Ich treffe meinen Freund im Badezimmer an. Er poliert sein Gesicht mit dem Rasierer. Sein Parfüm schwebt in der Luft. Ich tippe auf Tamara. Mein Freund wiegelt ab. Er würde seinen Großvater besuchen. Verwundert mustere ich ihn von oben bis unten. Für einen Friedhofsbesuch scheint er mir etwas fein herausgeputzt. Sein Großvater ist vor vierzig Jahren gestorben.
Er habe sich dort mit einer Frau verabredet, klärt er mich auf. Ich ziehe die Augenbrauen hoch. Mein Freund ist immer für Überraschungen gut. Ein Rendezvous auf dem Friedhof ist etwas Neues.
Sie heißt Manuela. Ich muss einige Namen verpasst haben. Er ist mit dem Alphabet schon durch. Die Buchstabenfolge läuft wieder rückwärts. Er zeigt mir ihr Bild. Eine schöne Frau lächelt mir im roten Kleid entgegen. Sie trägt ihr Haar dunkel.
<Mal dieses, mal jenes.>, lacht mein Freund und tanzt aus dem Badezimmer. In der Küche holt er eine Flasche Wein aus dem Kühlschrank und packt sie mit zwei Gläser in einen Rucksack. Ein Picknick auf dem Friedhof halte ich für eine erste Begegnung riskant.

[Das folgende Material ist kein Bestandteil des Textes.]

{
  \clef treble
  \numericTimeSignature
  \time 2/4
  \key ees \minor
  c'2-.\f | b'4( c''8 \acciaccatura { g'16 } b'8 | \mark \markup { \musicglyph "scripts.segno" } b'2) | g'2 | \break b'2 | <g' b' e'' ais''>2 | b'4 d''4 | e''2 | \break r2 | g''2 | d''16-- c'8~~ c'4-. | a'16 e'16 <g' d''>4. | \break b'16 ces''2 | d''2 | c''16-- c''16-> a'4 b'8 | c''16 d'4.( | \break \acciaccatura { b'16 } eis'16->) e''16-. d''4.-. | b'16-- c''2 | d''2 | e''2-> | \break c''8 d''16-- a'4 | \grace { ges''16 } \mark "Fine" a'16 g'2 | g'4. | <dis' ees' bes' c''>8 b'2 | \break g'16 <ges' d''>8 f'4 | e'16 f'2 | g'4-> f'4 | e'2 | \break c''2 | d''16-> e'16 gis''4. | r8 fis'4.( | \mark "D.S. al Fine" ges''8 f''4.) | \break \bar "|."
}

Badesee wäre besser, lache ich. Ein Ort, an dem die Menschen auf der Wiese und nicht unter der Erde liegen, erscheint mehr Erfolg zu versprechen. <Es ist November.>, knurrt mein Freund zurück.

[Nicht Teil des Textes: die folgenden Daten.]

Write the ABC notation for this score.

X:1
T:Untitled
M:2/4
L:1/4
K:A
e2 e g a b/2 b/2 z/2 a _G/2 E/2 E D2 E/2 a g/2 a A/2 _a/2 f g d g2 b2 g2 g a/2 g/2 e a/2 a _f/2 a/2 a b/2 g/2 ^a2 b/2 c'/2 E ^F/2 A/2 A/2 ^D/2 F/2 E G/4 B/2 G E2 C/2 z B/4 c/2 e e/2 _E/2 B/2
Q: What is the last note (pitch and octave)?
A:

Ich halte ihm einen Vortrag über die Lieblingsplätze der Frauen. Sie spazieren gern an einem Fluss entlang. Sie schätzen es, in ein Restaurant ausgeführt zu werden. Die Stille eines Friedhofs zählt definitiv nicht dazu.

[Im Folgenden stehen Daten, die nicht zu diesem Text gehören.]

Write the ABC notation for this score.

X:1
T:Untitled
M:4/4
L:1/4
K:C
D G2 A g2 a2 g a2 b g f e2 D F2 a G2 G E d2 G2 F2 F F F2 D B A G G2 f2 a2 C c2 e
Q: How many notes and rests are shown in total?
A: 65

Mein Freund hört widerwillig zu. <Die meisten Frauen bevorzugen in der Liebe das Unentschiedene.>, sage ich. Ein Friedhofsbesuch würde ihnen zu weit in die Zukunft greifen.
Beleidigt schaltet mein Freund auf stur. Er schultert seinen Rucksack und zischt zur Tür. Ich öffne den Gläserschrank und drücke ihm ein drittes Weinglas in die Hand. Sein Großvater soll nicht auf dem Trockenen bleiben. Mein Freund lächelt versöhnt. <Er hat gern getrunken.>, sagt er. Dann verschwindet er nach draußen.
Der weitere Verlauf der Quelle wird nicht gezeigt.